According to the FSAI, pathogenic micro-organisms exhibiting multi-drug antibiotic resistance have been responsible for outbreaks of food poisoning in humans. However, the link between these multi-drug resistant pathogens and imported foodstuffs has not been made. At the end of 1999 the FSAI, together with the Department of Agriculture, Food and Rural Development, started an enhanced poultry monitoring programme. The purpose of this programme, which was funded by the FSAI, was to monitor the quality and safety of poultry products circulating on the Irish market, and included a study of the incidence of antibiotic resistant campylobacter and salmonella in poultry meat both domestically produced and imported.
This study was carried out in 2000, and approximately 3,000 samples of raw poultry meat and 700 samples of cooked products were examined. The results have not been collated but will be published within the next few months. In an extension to this project in 2001 the FSAI is funding further work with the isolates of campylobacter from last year's surveillance work.

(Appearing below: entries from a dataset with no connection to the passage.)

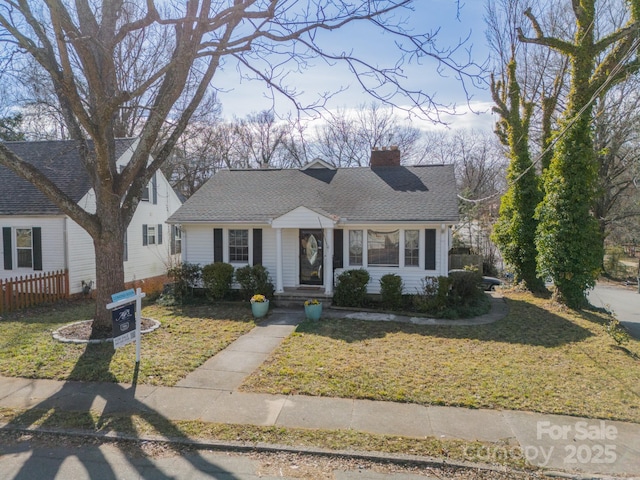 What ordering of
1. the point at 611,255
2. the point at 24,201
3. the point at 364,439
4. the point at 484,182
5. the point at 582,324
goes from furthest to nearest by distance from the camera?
the point at 484,182
the point at 611,255
the point at 24,201
the point at 582,324
the point at 364,439

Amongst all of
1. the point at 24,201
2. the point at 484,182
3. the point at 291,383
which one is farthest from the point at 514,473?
the point at 484,182

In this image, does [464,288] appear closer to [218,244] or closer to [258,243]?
[258,243]

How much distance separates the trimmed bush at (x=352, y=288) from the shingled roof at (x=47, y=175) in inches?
385

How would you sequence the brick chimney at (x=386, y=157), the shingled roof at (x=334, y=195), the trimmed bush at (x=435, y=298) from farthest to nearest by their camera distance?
the brick chimney at (x=386, y=157), the shingled roof at (x=334, y=195), the trimmed bush at (x=435, y=298)

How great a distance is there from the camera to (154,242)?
2009 centimetres

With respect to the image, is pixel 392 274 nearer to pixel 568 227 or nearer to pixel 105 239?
pixel 568 227

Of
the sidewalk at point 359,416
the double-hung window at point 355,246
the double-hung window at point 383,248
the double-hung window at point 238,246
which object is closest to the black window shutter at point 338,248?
the double-hung window at point 355,246

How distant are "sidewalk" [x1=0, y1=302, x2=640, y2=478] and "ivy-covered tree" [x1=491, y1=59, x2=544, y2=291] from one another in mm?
11593

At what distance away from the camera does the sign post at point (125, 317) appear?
6.64m

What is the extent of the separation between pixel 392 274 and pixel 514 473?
28.2 feet

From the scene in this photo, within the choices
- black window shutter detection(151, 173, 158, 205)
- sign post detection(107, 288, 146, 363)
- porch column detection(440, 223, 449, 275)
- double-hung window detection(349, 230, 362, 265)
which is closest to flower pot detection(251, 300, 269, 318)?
double-hung window detection(349, 230, 362, 265)

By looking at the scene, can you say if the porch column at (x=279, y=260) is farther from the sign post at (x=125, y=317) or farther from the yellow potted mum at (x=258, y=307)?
the sign post at (x=125, y=317)

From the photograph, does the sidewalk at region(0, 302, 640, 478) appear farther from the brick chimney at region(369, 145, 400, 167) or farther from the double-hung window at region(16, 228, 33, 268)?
the brick chimney at region(369, 145, 400, 167)

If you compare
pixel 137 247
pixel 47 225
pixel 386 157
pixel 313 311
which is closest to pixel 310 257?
pixel 313 311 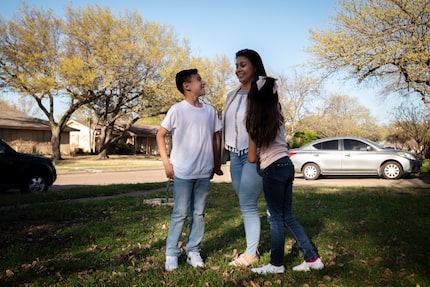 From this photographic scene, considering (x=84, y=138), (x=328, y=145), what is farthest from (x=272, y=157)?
(x=84, y=138)

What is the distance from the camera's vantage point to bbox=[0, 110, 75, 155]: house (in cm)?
3606

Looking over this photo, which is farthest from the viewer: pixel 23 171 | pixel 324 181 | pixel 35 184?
pixel 324 181

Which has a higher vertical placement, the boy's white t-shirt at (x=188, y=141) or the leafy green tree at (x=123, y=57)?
the leafy green tree at (x=123, y=57)

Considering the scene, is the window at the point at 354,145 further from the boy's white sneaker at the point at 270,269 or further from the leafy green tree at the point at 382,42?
the boy's white sneaker at the point at 270,269

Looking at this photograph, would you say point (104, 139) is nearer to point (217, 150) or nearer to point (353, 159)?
point (353, 159)

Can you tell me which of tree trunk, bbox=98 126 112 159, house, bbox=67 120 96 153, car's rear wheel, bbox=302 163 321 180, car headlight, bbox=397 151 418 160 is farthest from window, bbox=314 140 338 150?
house, bbox=67 120 96 153

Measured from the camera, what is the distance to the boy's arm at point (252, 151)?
342 centimetres

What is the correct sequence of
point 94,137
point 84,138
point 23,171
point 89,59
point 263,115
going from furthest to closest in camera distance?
point 84,138, point 94,137, point 89,59, point 23,171, point 263,115

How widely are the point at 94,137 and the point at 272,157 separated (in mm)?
51458

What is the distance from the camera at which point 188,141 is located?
3701 millimetres

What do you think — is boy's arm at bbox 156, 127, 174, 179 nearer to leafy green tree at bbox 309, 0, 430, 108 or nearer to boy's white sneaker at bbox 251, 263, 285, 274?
boy's white sneaker at bbox 251, 263, 285, 274

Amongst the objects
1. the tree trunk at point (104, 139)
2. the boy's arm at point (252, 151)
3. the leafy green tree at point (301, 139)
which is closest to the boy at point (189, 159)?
the boy's arm at point (252, 151)

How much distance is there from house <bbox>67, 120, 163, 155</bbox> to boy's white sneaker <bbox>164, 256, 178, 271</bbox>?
155 feet

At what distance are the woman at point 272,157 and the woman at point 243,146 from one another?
20 cm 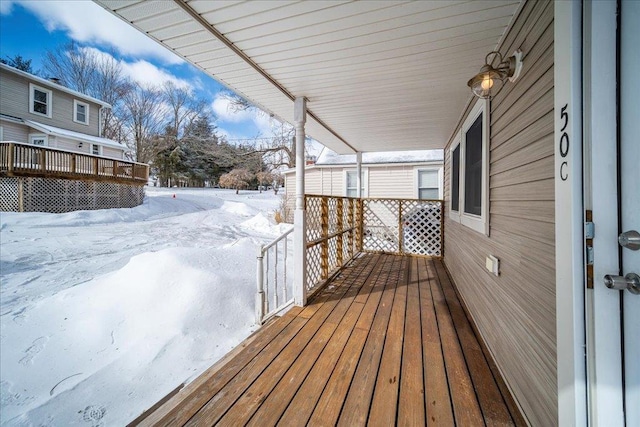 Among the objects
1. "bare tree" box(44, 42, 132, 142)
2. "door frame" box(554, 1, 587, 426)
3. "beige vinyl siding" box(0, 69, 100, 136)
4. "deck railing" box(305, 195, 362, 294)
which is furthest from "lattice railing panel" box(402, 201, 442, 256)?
"bare tree" box(44, 42, 132, 142)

This exercise will involve genetically mapping the organisms isolated and comparing them to genetic maps of organisms that have been involved in human food poisoning outbreaks and also organisms that have been isolated from animal sources. This work may go some way to examining the link between foodstuffs and antibiotic resistant pathogens in humans.
Furthermore, at the request of my Department, the National Disease Surveillance Centre has submitted a report making recommendations on the control of antimicrobial resistance in Ireland. The recommendations set out in the report are currently being examined with a view to implementation of same at health board level. In fulfilment of the European Commission's commitment to ensuring that the highest levels of health protection are offered to the European consumer, the Commission established the Food and Veterinary Office – FVO – in the directorate-general for consumer policy and consumer health protection in April 1997.